Goodyhills is a hamlet in the civil parish of Holme St Cuthbert, in northern Cumbria, United Kingdom. It is located 1.5 miles east of the village of Mawbray, and 23 miles west of the city of Carlisle.

A quarter of a mile to the north-west is the parish seat of Holme St Cuthbert, where the local primary school and parish church are located, and half a mile to the south-east is the small hamlet of Jericho. At nearby Newtown, there is a farm park and tea room called the Gincase. Goodyhills has no nearby public transport links; the closest railway station is at Aspatria, and the closest stop on a regular bus service is on the B5300 coast road at Mawbray.

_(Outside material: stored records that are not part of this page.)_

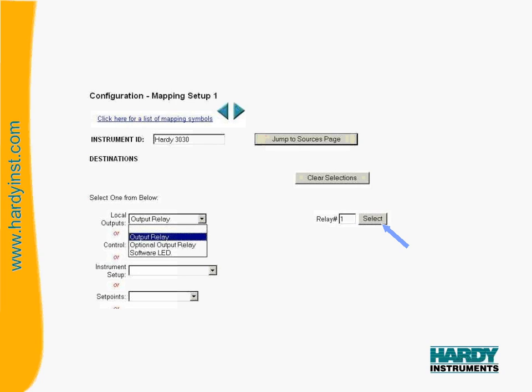Once you have selected the destination you want, you would want to click on the jump to source page to get to the map setup page 2.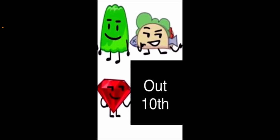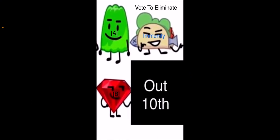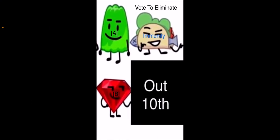And the contestant who gets immunity is Taco. So, vote either Gelatin or Ruby to be eliminated. Vote by using letters and square brackets under who you think deserves to be eliminated the most. Whoever has the most votes leaves the show.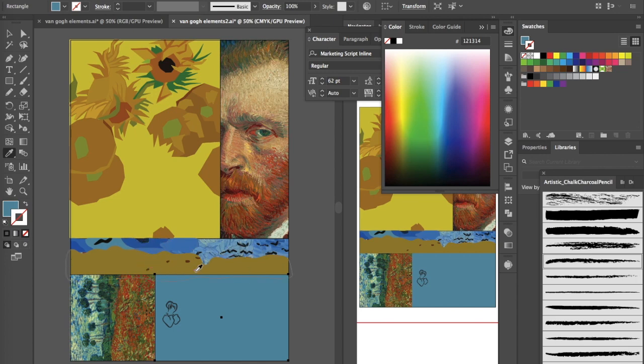That was color and line. Later on we'll be doing texture and typography, and we've already done shape, so feel free to check out those other videos to see how those are done. Thanks for watching.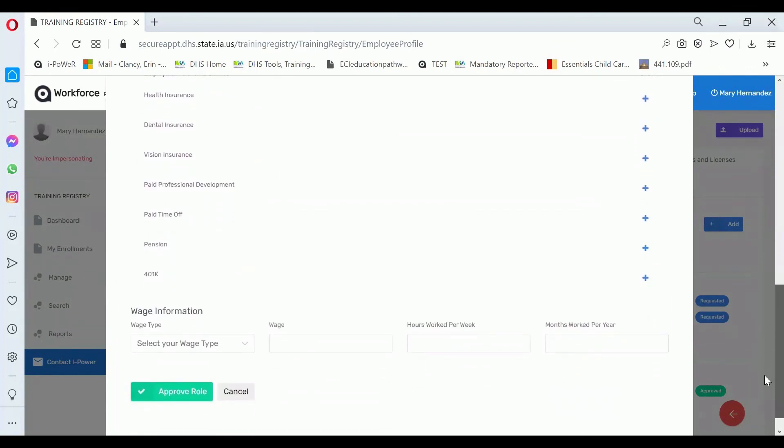And other information about that person's role. These are not required fields and you can enter into them, but you are not required to. Then click Approve Role.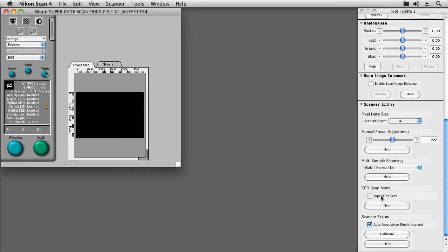When scanning color negatives, it is also generally permissible to use analog gains to eliminate the orange mask and to increase per channel detail. For scanners with an actual 16-bit analog digital converter, this is usually not required.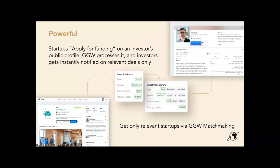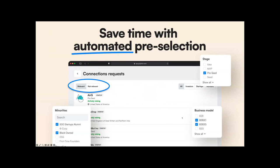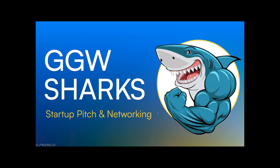We use investor and startup criteria to make exact matches, and we're not just stopping there — we learn from your actions to make this increasingly precise so you don't have to rely on gut feel. We put a lot of algorithms and mathematics into this technology to make relevant, precise connections. The system pre-selects the right founders, startups, or investors before you make your final decision to connect. You can check out our platform — sharing the link in the chat now.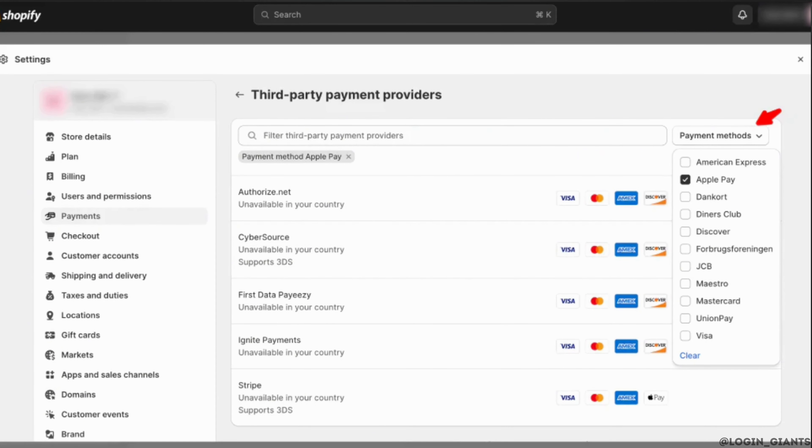So that's it, and this was a tutorial on how to enable Apple Pay on Shopify.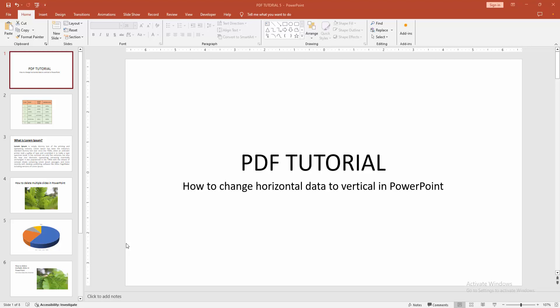Hello friends, how are you? Welcome back to another video. In this video, I'm going to show you how to change horizontal data to vertical in PowerPoint. Let's get started.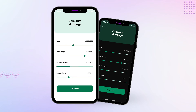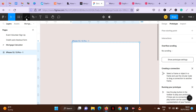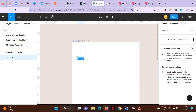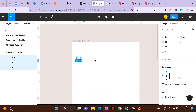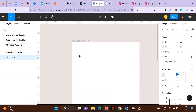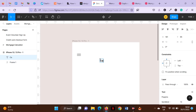Hello guys, welcome to today's tutorial. Today, I'm going to show you how to create a simple mortgage calculator. This calculator calculates price, loan length, down payment and interest rates. Let's get down to it. Let's get started.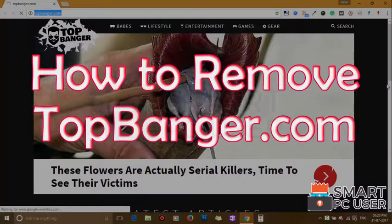TopBanger.com is a browser hijacker that attacks all browsers on a Windows PC. In this video, we will see how to remove TopBanger.com from all browsers at once.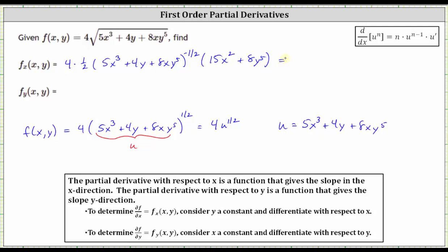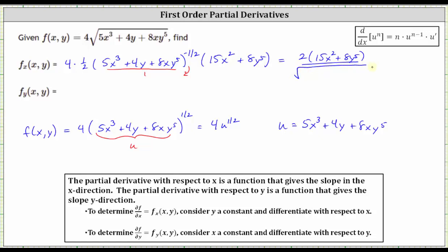Now let's multiply and write the partial derivative using positive exponents. If we move the quantity five x cubed plus four y plus eight x y to the fifth raised to the power of negative one-half down to the denominator, the exponent changes to positive one-half. So in the numerator we have four times one-half, which is two, times the quantity 15 x squared plus eight y to the fifth. In the denominator, we have the square root of the quantity five x cubed plus four y plus eight x y to the fifth.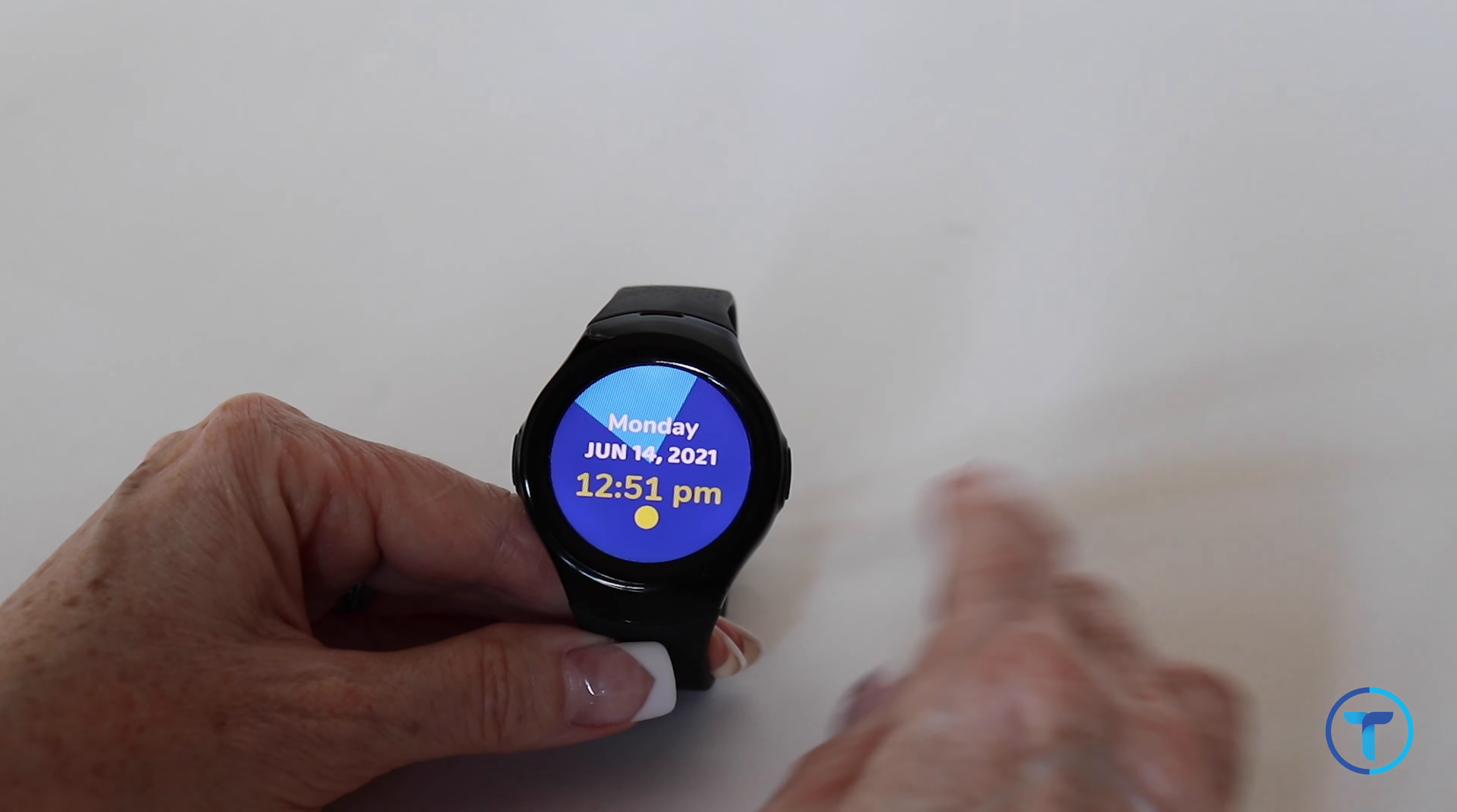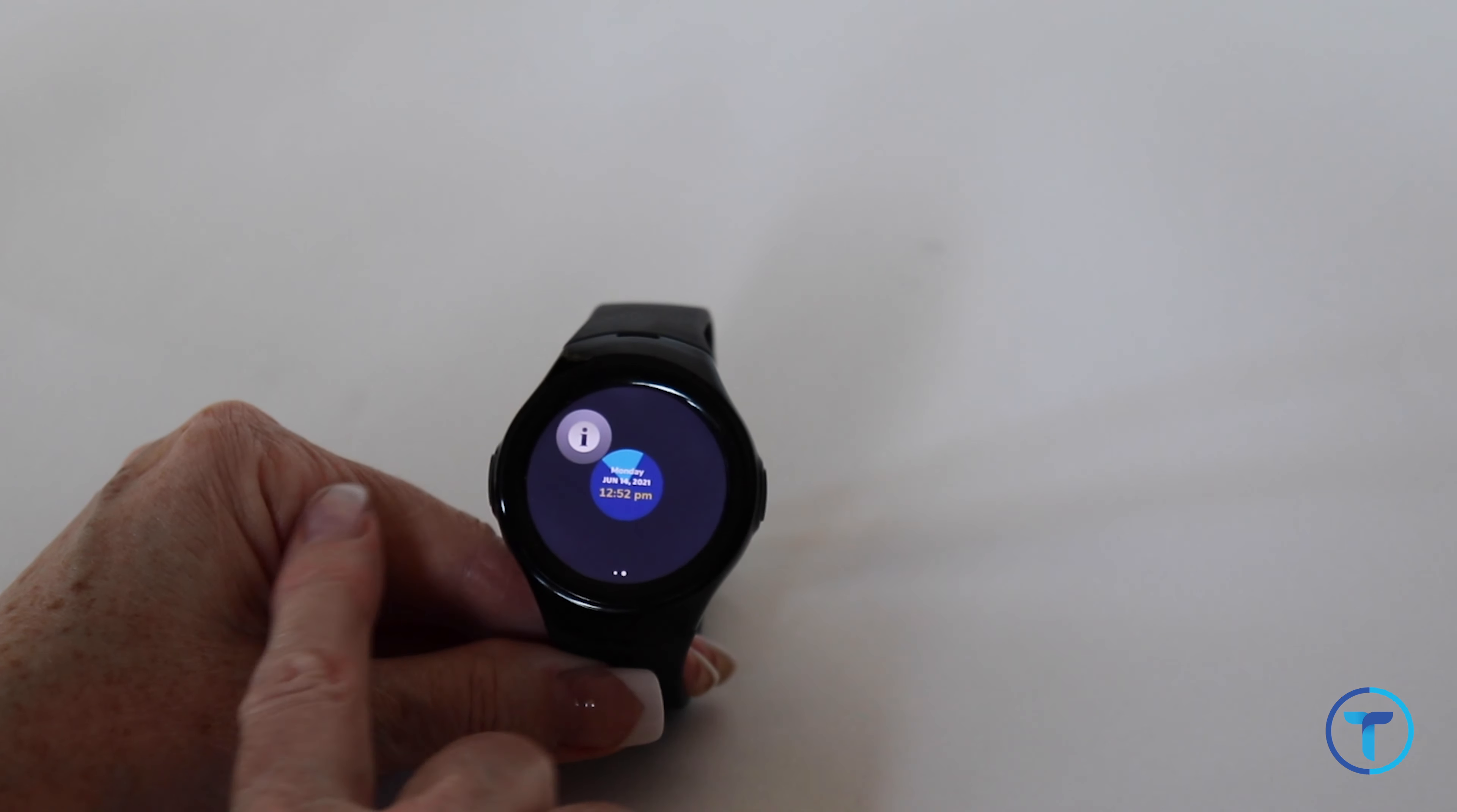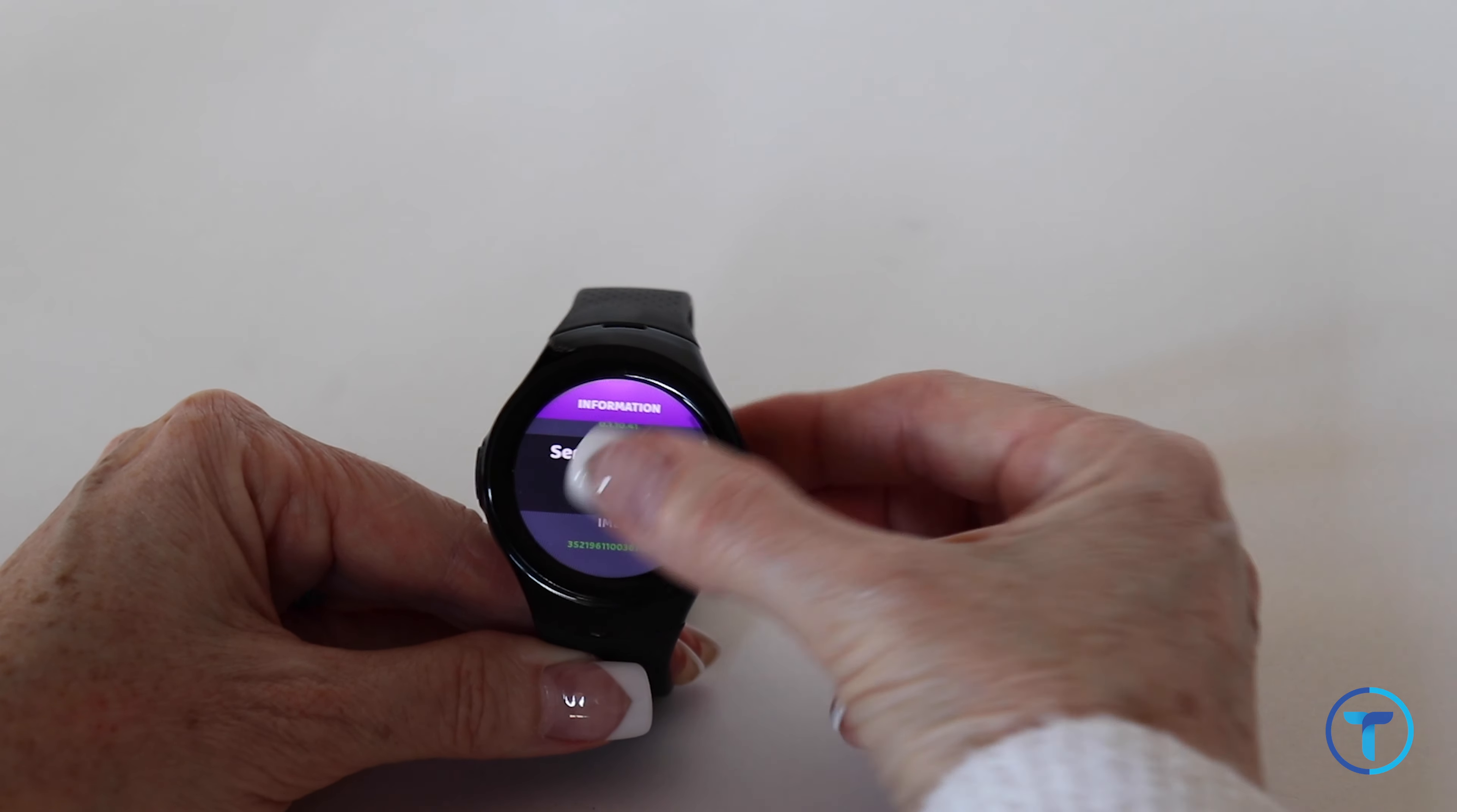To start, tap the center of the watch face and swipe right to left. Tap the eye icon and scroll down all the way to the bottom to User Settings.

William Wilson, noted English academic, was born in Goodyhills in 1875, and attended nearby Holme St Cuthbert primary school. He attained his PhD at Leipzig University in Germany in 1902, and went on to become a lecturer at King's College, London. He became a Fellow of the Royal Society in 1923, and ended his career at Bedford College, London in 1944.

Etymology
The name "Goodyhills" comes from Old English, and means "godlike (or sacred) hills". It has been spelled in several different ways in the past, including Guddyhills, Goddy-hills, Gowdyhowse, and Goodlike-hills.